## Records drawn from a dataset

########################################

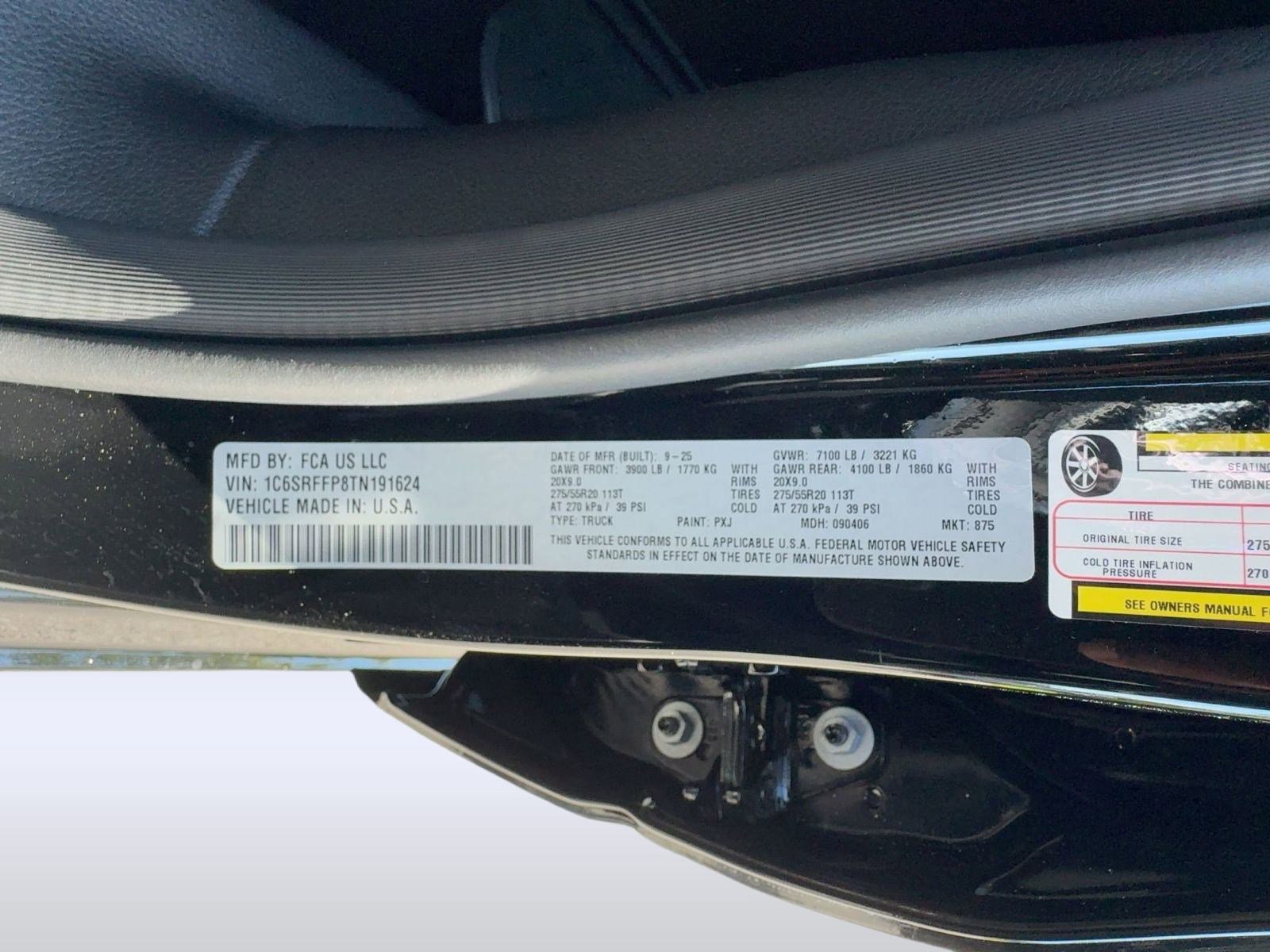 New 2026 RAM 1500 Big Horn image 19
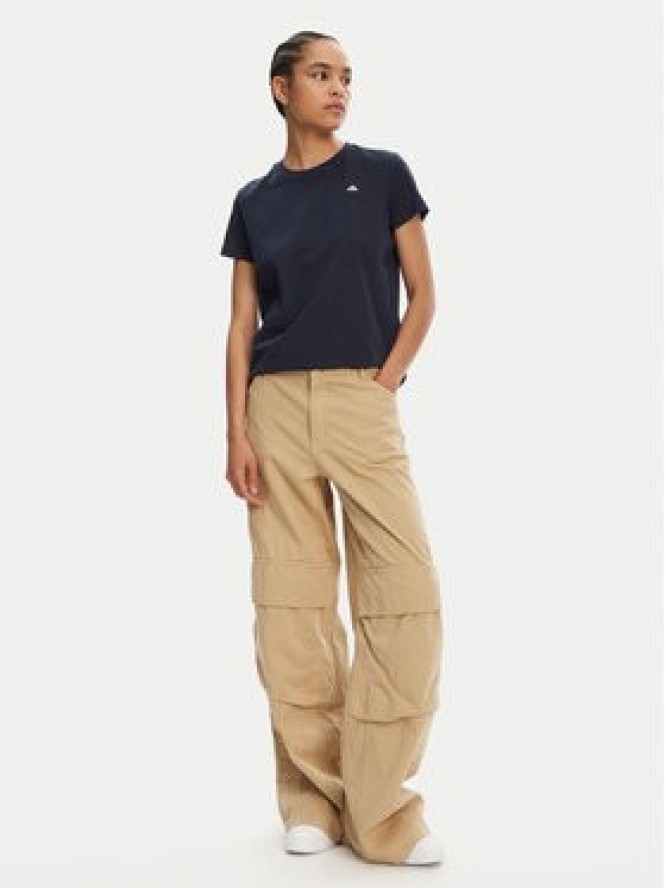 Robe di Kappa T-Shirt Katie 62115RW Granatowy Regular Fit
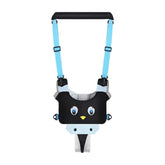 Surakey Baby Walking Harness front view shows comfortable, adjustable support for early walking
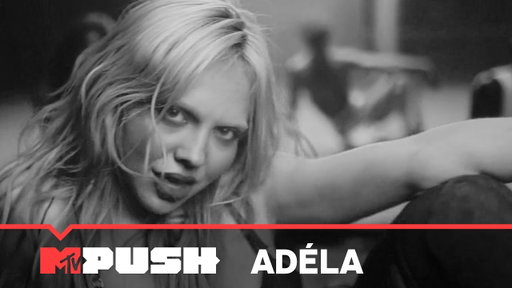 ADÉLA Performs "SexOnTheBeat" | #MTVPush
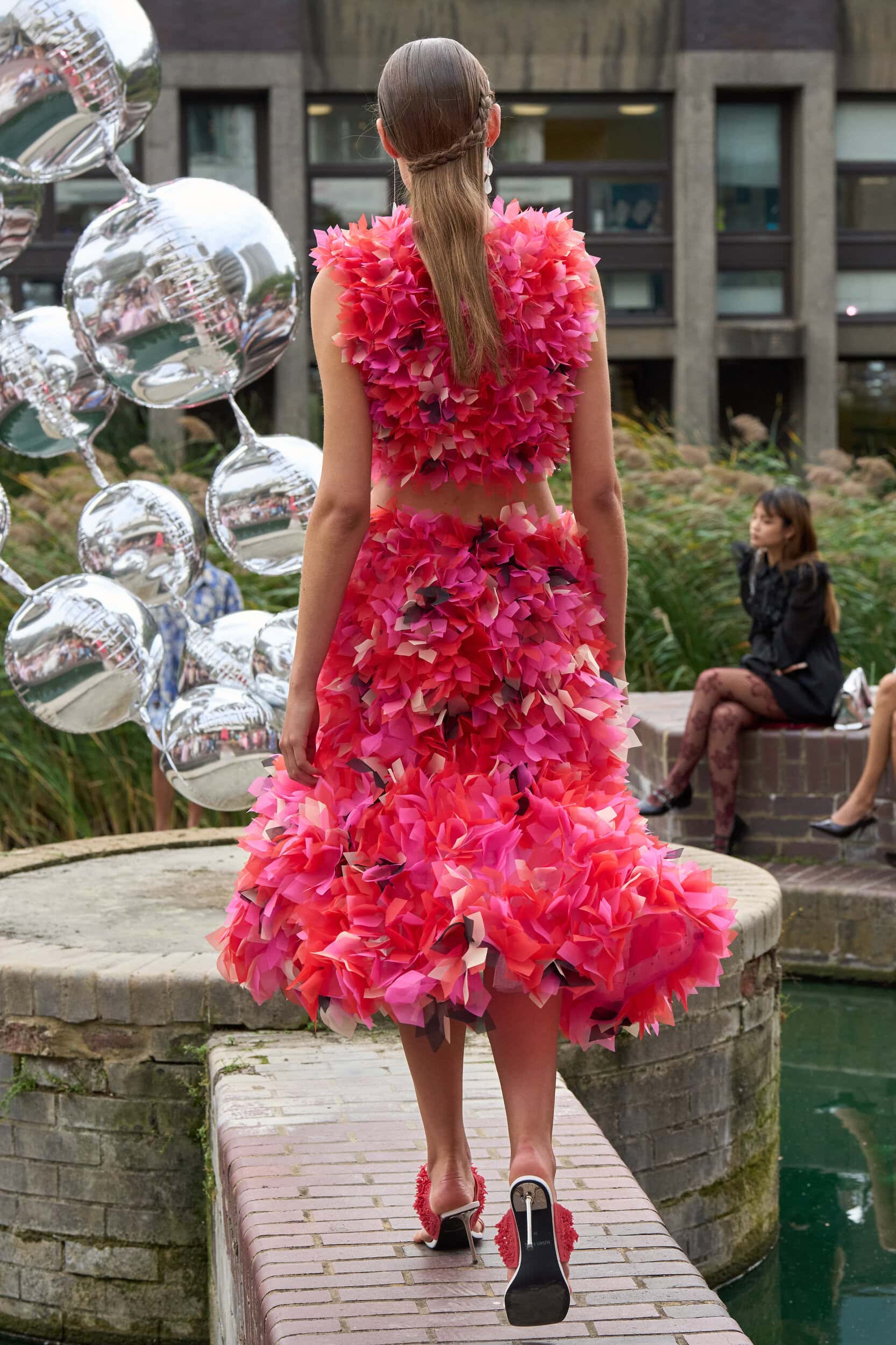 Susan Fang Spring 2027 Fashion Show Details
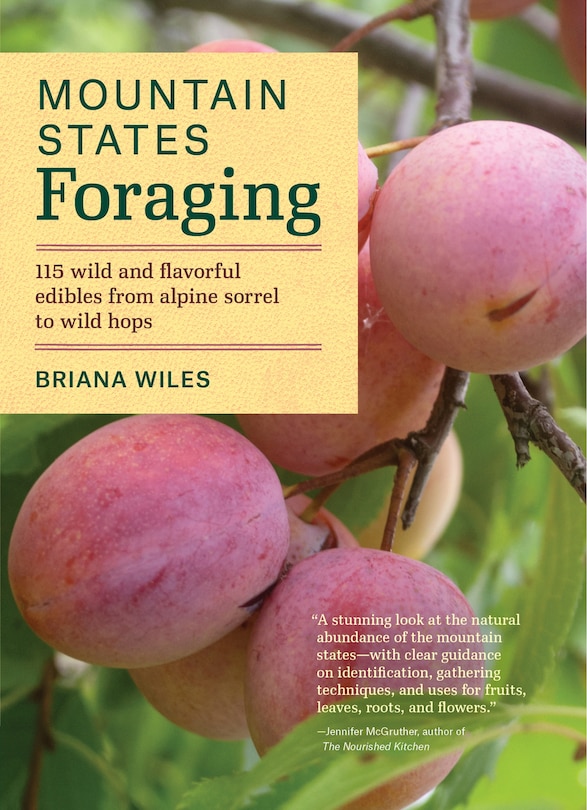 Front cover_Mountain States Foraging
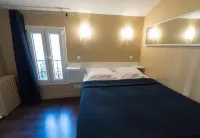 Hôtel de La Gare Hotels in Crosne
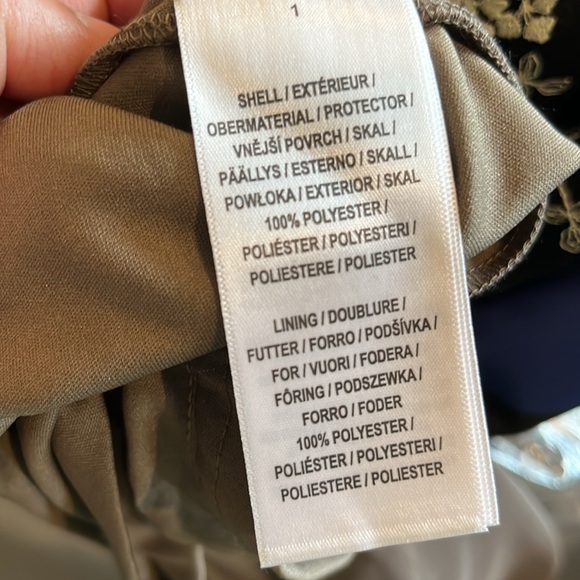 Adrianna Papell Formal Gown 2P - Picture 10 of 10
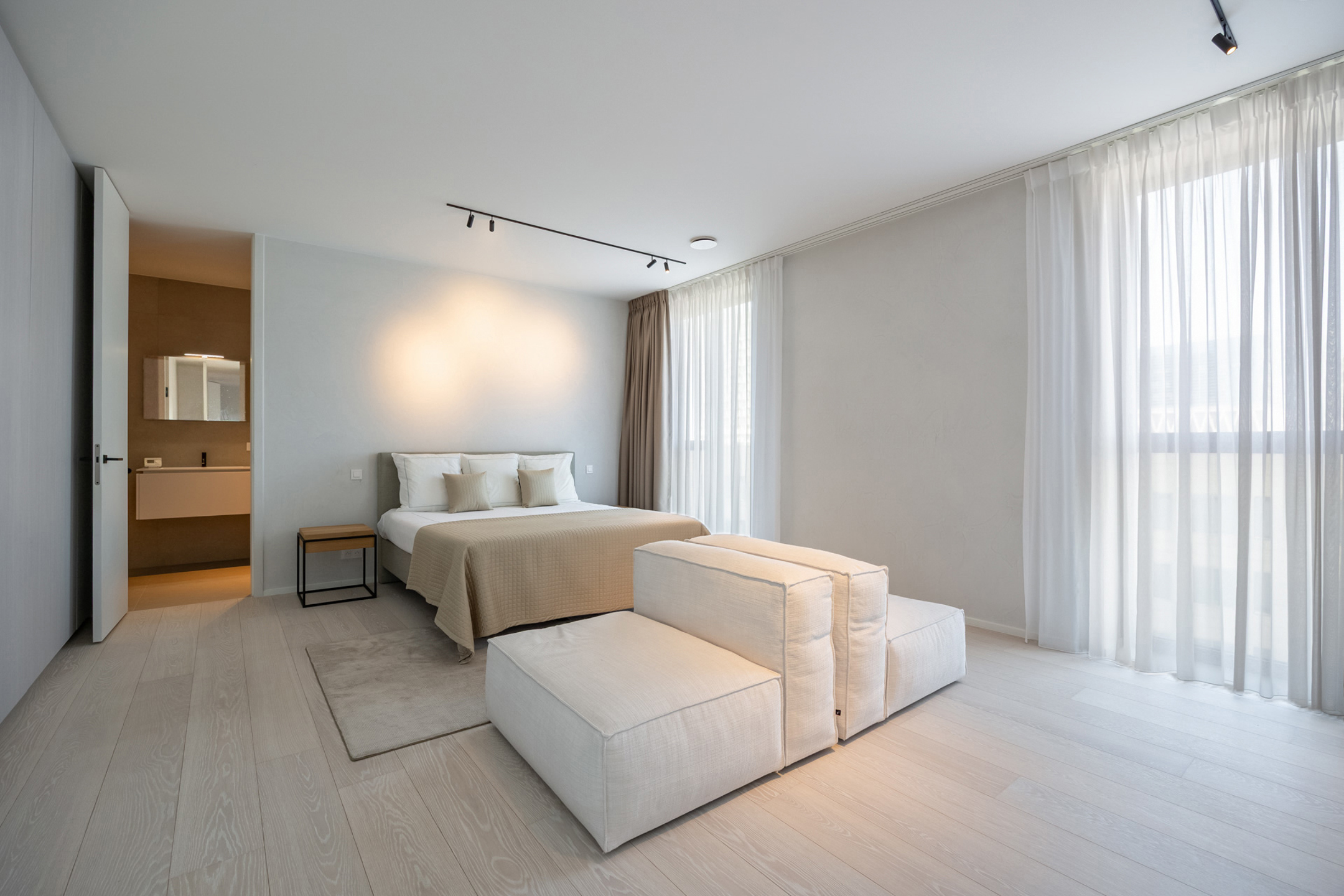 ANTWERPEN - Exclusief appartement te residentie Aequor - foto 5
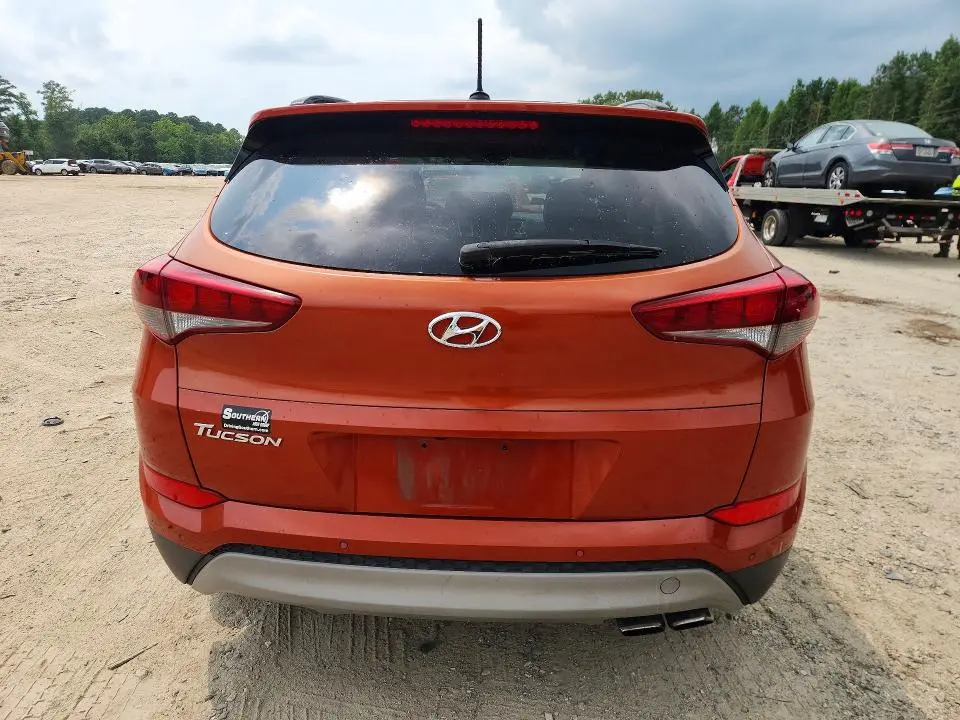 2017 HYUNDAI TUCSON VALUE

########################################

## Description of the task
Omit each image and transcribe the remaining records word for word.

## Result of the exercise
 New 2026 RAM 1500 Big Horn image 19
 Robe di Kappa T-Shirt Katie 62115RW Granatowy Regular Fit
 Surakey Baby Walking Harness front view shows comfortable, adjustable support for early walking
 ADÉLA Performs "SexOnTheBeat" | #MTVPush
 Susan Fang Spring 2027 Fashion Show Details
 Front cover_Mountain States Foraging
 Hôtel de La Gare Hotels in Crosne
 Adrianna Papell Formal Gown 2P - Picture 10 of 10
 ANTWERPEN - Exclusief appartement te residentie Aequor - foto 5
 2017 HYUNDAI TUCSON VALUE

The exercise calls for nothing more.